Each specimen container 10 also has a label 13 located on the container. The label 13 is a sticker that is applied to the specimen container during manufacture i.e., in production. The label 13 is sized so that it only extends partially around the body 12 so that a viewing window is left on the container to view the level of blood within the body 12.

The label 13 has a details section 16 that includes discrete labelled zones for surname, first name, date of birth, time that the sample was taken, signature of the person who took the same, the ward number, and patient number. However, it should be appreciated that the details label may be varied according to specific requirements.

The label also includes a fill line that indicates the level of fluid that the body is to be filled to. The fill line must be precisely located with respect to the body and hence a major reason why the label is applied to the body during manufacture.

FIG. 1A shows the specimen container with a label 13 and a separate label in the form of an indicator band 14. The indicator band 14 is located above this label 13 on the body 12 of the specimen container 10. In this embodiment, the indicator band 14 is in the form of band that extends continuously around the circumference of the body.

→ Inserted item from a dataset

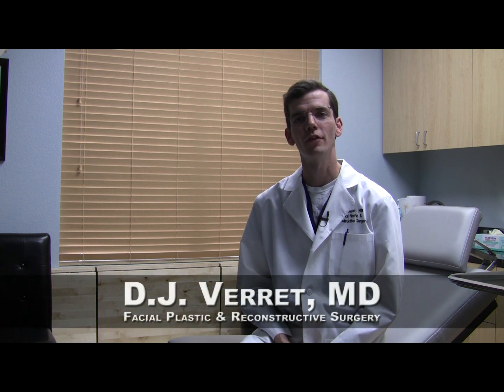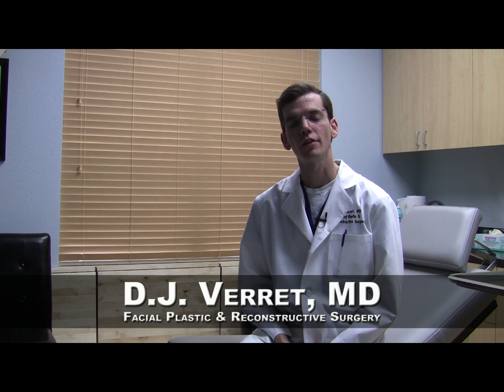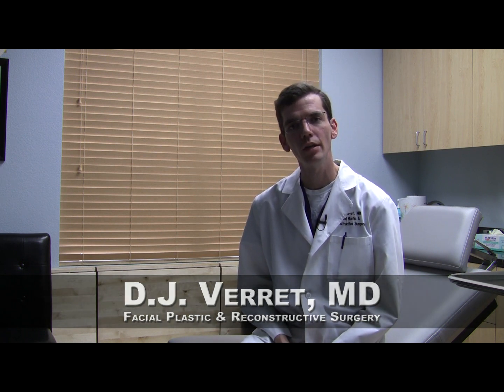Greetings and thank you for joining me for today's innovations in facial plastic surgery update. I'm Dr. DJ Verrett. Today I'd like to talk to you briefly about keloids and hypertrophic scars.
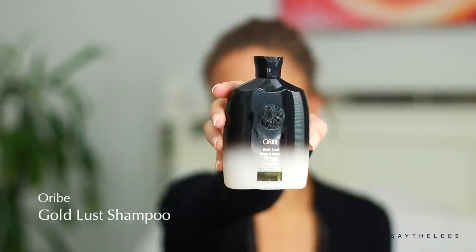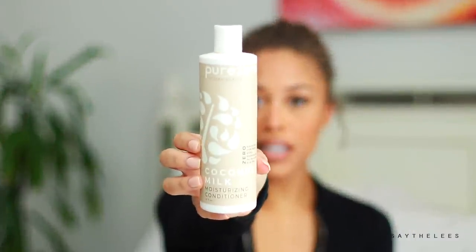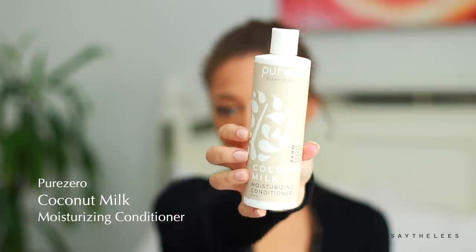My hair — I just shampooed it and conditioned it overnight, so it's super, super moisturized. I love using the Oribe Gold Lust Shampoo; it's my favorite because it's super moisturizing so I can actually detangle with it. And then I love this one from Pure Zero — it's called the Coconut Milk Moisturizing Conditioner. It has really great conditioning properties and it's not too expensive; it was at Whole Foods, so it's more on the natural end of hair care. I just let it soak in overnight.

The indicator band is 2.5 mm wide. The indicator band is coloured having a hue of magenta (300 degrees), a saturation of 95% and a brightness of 90%. It should be appreciated that the colour of the band may be varied according to preference. The indicator band is also fluorescent. Due to the colour, size and fluorescence of the indicator band the specimen container is visible from a distance and hence can be readily identified by a person and can be easily recognised as a container than must be given priority during all stages of the Request-Test-Report cycle.

FIG. 1B shows a very similar label 13 to FIG. 1A. In this embodiment, the indicator band 14 is printed onto the body 12 and is in the form of a dotted band that extends around the circumference of the body 12.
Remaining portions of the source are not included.